Die Zeitzeugin

Wort zum Tage
Die Zeitzeugin
09.04.2019 - 06:20
28.02.2019
Autor des Textes: Thomas Jeutner
Sendung zum Nachhören
Sendung zum Nachlesen

Früh am Morgen hatten wir uns verabredet in dem kleinen Dorf, eine Dreiviertelstunde von der Großstadt entfernt. Am Hoftor begrüßte uns Norbert, der Landwirt. Er führte uns über den Hof zu einem Stallgebäude. Hier gab es viel Platz. Etliche Quadratmeter hatte er zur Verfügung gestellt, um Gegenstände und Möbel aus unserer Berliner Kirchengemeinde für zwei Jahre auszulagern. Unsere Bauarbeiten waren inzwischen vorbei. Heute wollten wir den Rücktransport der Sachen besprechen, und ein paar Tische und Stühle schon mitnehmen.

 

Wir fingen an, aufzuladen, was in unseren Kleintransporter hinein passen würde. Da entdeckten wir hinten, in der Ecke, eine große Ansammlung von Metall-Stangen und Zahnrädern.

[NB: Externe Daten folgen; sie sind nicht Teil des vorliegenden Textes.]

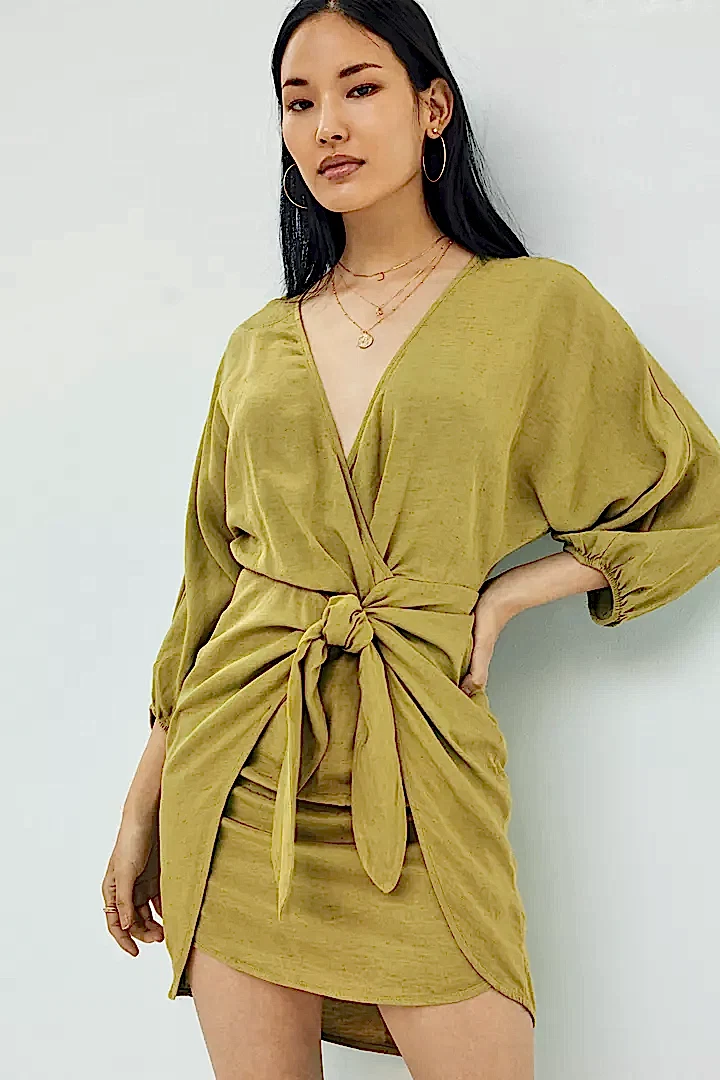 green puff sleeve summer wedding guest dress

Dazu ein schweres, meterlanges gusseisernes Gerüst, mit ein paar beweglichen Achsen und Wellen. In dabei stehenden kaputten Holzkisten waren Schrauben und Muttern aufbewahrt, die offenbar dazu gehörten. Rostige, schwere Metallketten lagen daneben.

 

Wir begriffen erst, was das war, als unser Freund Norbert die beiden verbeulten, mit Patina überzogenen Kupfer-Bleche auf dem Stallboden frei räumte. Er hob sie hoch. Und im Morgenlicht, das durch das Stallfenster fiel, schimmerten diese schmalen Metall-Streifen rötlich, und golden! Es waren Uhr-Zeiger! Dieses verrostete Ensemble aus Eisenstangen und Zahnrädern waren die Überreste der Turmuhr unserer Versöhnungskirche. Vor 58 Jahren war die Uhr stehengeblieben, als durch den Bau der Berliner Mauer niemand mehr die Kirche betreten konnte. Sie stand an der Bernauer Straße, von Ost und West unzugänglich, mitten im Grenzstreifen. Letztendlich wurde das Gotteshaus sogar gesprengt, 1985. Gerade noch rechtzeitig hat damals irgendjemand ein paar Tage zuvor die Turmuhr ausgebaut.

 

„Auch ohne Turm könnte eure Uhr wieder laufen“, meinte Norbert. Als Landwirt war er es gewöhnt, Geräte aus altem Material wieder in neue Funktion zu bringen. „Ihr müsst euch entscheiden“, sagte er, „ich brauche hier wieder den Platz im Stall. Wir könnten das Uhrwerk als Schrott abfahren lassen“, überlegte er. „Oder – ihr bringt sie wieder in Gang, und zeigt sie in Berlin den Menschen, in einem Gehäuse aus Plexiglas“, begann er zu schwärmen. „Stellt euch mal vor, was diese Uhr für eine Zeit-Zeugin ist, im wahrsten Sinne!“

 

Norberts Zuversicht an jenem Morgen war der Impuls für das Fundraising-Projekt „Uhr der Versöhnung“. Hunderte Berliner haben sich schon daran beteiligt, und Förderer aus ganz Deutschland. Sie unterstützen die Wiederbelebung der Uhr nicht nur, um an einem verwundeten Grenzort mitten in Berlin ein filigranes technisches Denkmal zu retten. Sondern aus der Ahnung heraus, dass diese Uhr für eine Lebenshaltung steht: Auch nach langem, erzwungenem Stillstand kann eine neue Zeit anbrechen.